RECORDS SHOWN:

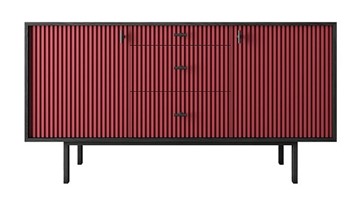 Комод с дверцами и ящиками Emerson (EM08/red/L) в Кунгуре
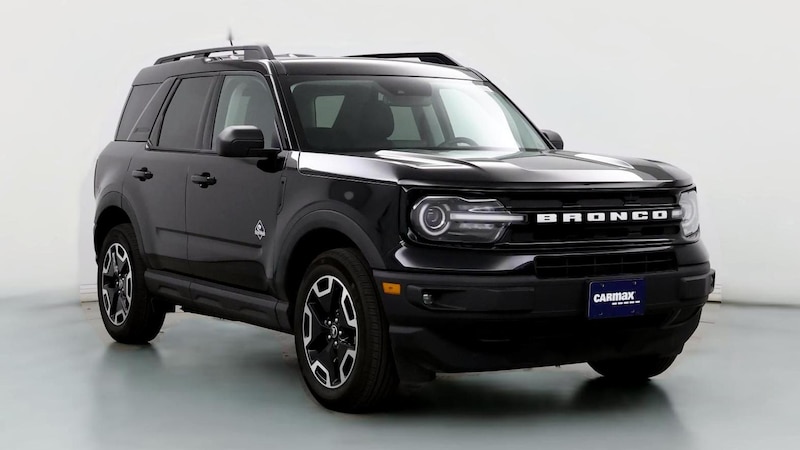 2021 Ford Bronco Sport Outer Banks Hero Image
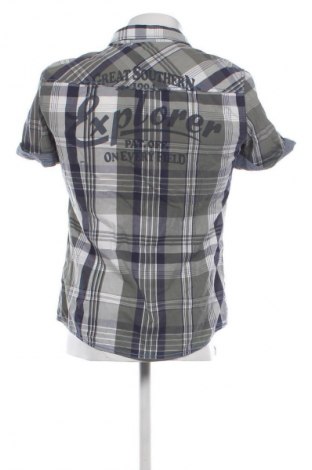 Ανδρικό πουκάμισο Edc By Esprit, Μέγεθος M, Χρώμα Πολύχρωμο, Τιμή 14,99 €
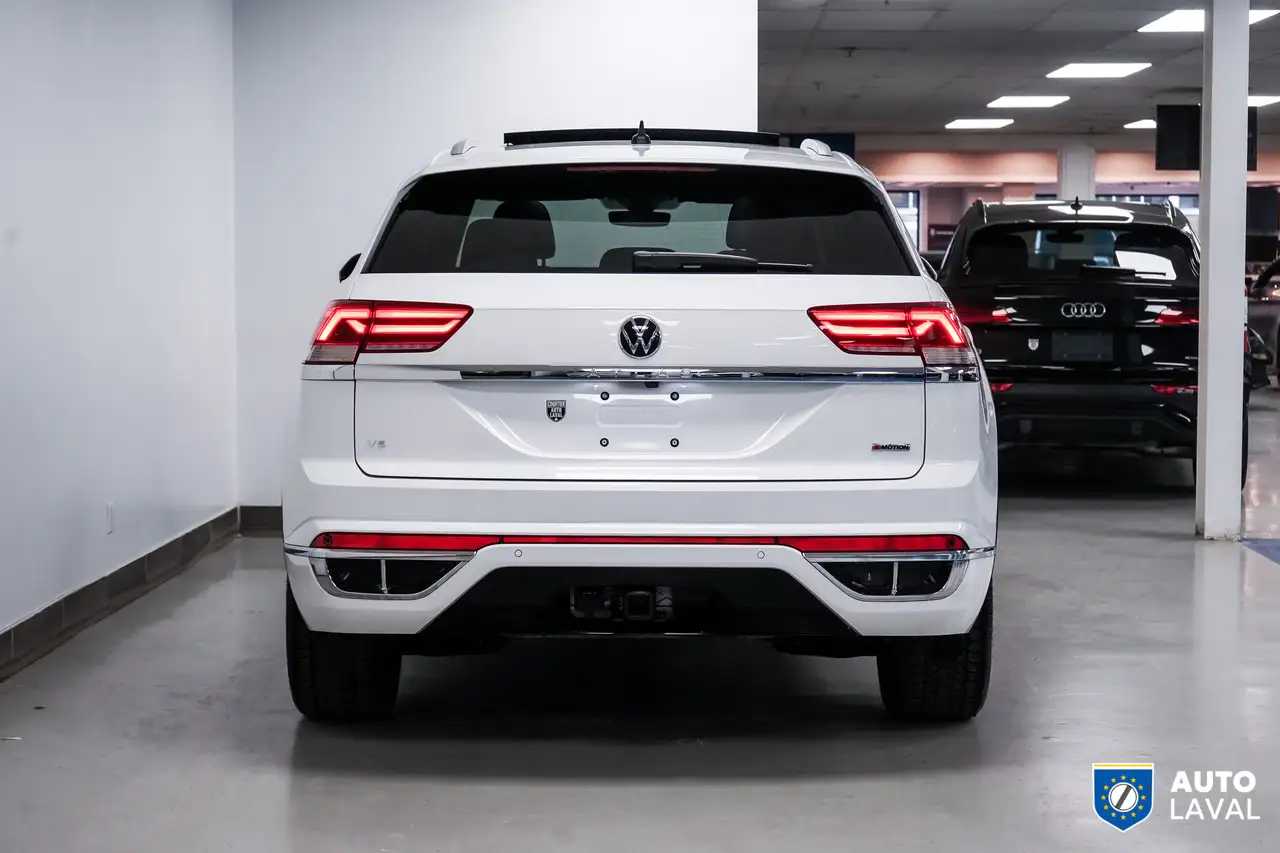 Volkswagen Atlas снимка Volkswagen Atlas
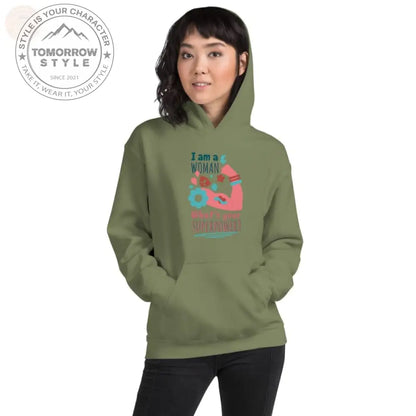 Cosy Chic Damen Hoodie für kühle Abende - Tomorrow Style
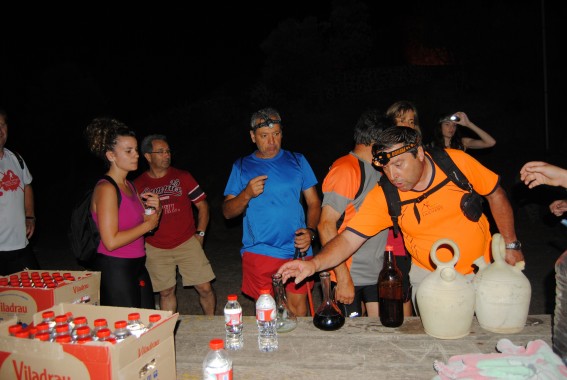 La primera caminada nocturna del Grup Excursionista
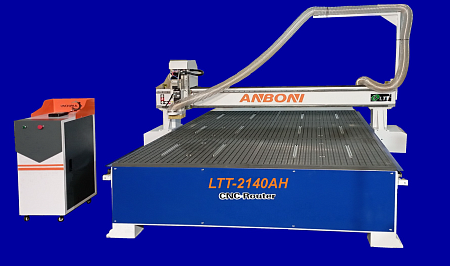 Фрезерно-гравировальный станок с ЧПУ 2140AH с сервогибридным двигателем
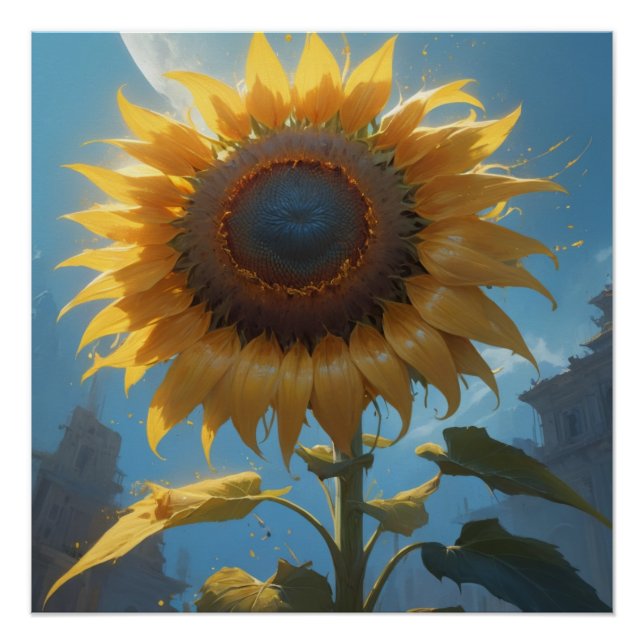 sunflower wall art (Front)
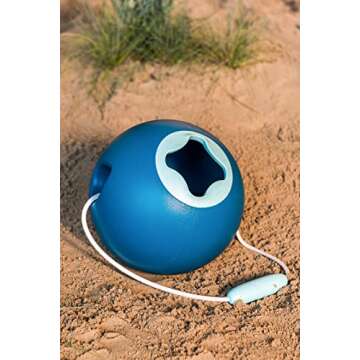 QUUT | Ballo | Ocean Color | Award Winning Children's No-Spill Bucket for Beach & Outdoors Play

EXERCISE INSTRUCTIONS:
The records above must be echoed exactly, minus their pictures.

FINAL ANSWER:
 Комод с дверцами и ящиками Emerson (EM08/red/L) в Кунгуре
 2021 Ford Bronco Sport Outer Banks Hero Image
 Ανδρικό πουκάμισο Edc By Esprit, Μέγεθος M, Χρώμα Πολύχρωμο, Τιμή 14,99 €
 Volkswagen Atlas снимка Volkswagen Atlas
 Cosy Chic Damen Hoodie für kühle Abende - Tomorrow Style
 La primera caminada nocturna del Grup Excursionista
 Фрезерно-гравировальный станок с ЧПУ 2140AH с сервогибридным двигателем
 sunflower wall art (Front)
 QUUT | Ballo | Ocean Color | Award Winning Children's No-Spill Bucket for Beach & Outdoors Play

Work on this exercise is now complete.